The Motion of a Rack is given by the Motion of the Pinion. The standard equations we should use are:
•Rack Displacement = Pinion Radius * Pinion Rotation Angle of Pinion (D = R * Θ )
•Rack Velocity = Pinion Radius * Pinion Angular Velocity of Pinion (V = R * ω )
•Rack Acceleration = Pinion Radius * Angular Acceleration of Pinion (A = R * α )
The units in the Maths FB are always SI Units.
If the Linear Units in the Machine Settings dialog are mm, then the dimension of a Part is in mm. If you change the Linear Units to m, then the dimension of the Part is in m (meters).
For example, a dimension of 100 while the Machine Settings are set to millimeters, will become 0.1 if you change the units to meters in the Machine Settings.
When you add a wire to a Maths FB, it will use the SI units m (meters).
In this case you must multiply the Displacement equation by 1000.
If the units in the Machine Settings dialog are degs (degrees), and we measure the angle of a Part, it will show as degrees.
However, when you connect a wire to a Maths FB, it will use the SI units for the degs (degrees), that is: rads (radians)
Example 2: Epitrochoid / Hypotrochoid:
When you have parametric equations, you can give the output for the X parameter to a horizontal slider, and the Y parameter to a piggyback orthogonal slider.
If you enter the equations for
•position only, then you can plot the Curve
•position and velocity, then you can add a Cam with the Sliders (since a Cam needs position and velocity values)

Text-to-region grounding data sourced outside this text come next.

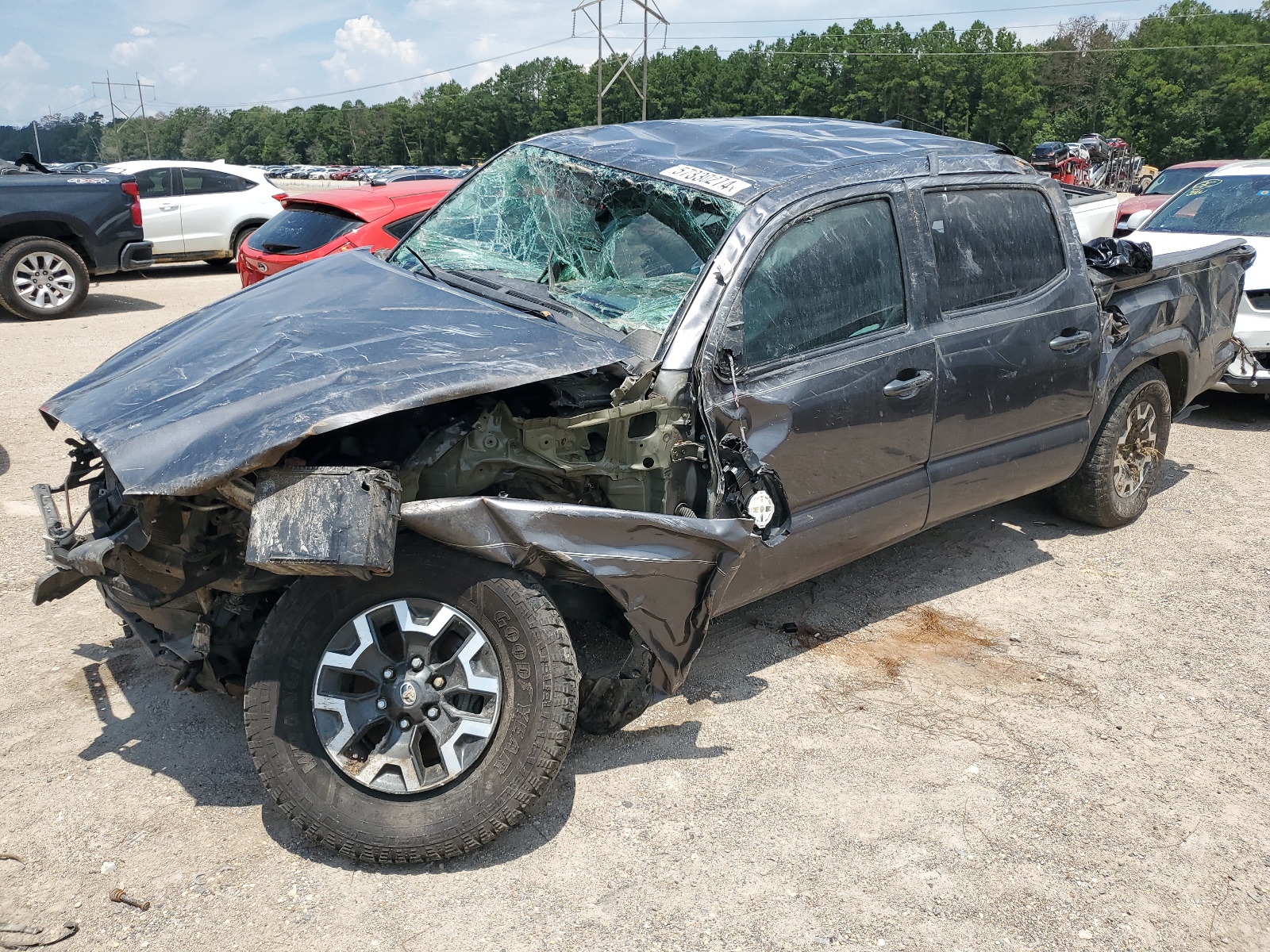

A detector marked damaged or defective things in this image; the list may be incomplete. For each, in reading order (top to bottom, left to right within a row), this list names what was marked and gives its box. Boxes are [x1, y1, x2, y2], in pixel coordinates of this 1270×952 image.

shattered windshield [391, 143, 741, 332]
torn sheet metal [40, 250, 635, 495]
crushed hood [44, 250, 640, 495]
crumpled fender [396, 500, 752, 695]
torn sheet metal [398, 500, 752, 695]
wrecked gray pickup truck [29, 119, 1249, 863]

•position, velocity and acceleration, then you can plot Radius-of-Acceleration (since this needs all three motion derivatives)
See Tutorial 18 for full details of this example.
To make a Tool Translate at the end of a SCARA Robot.
1.Use Measurement FBs to measure the angles of the 'Upper Arm' and 'Lower Arm', relative to each other.
2.Add two Input-Connectors on the Maths FB
3.Subtract the two angles to give an angle in the Maths FB
4.Connect a wire at the output to the Motion-Dimension FB at the end of the SCARA to keep the tool fixed relative to the Base-Part.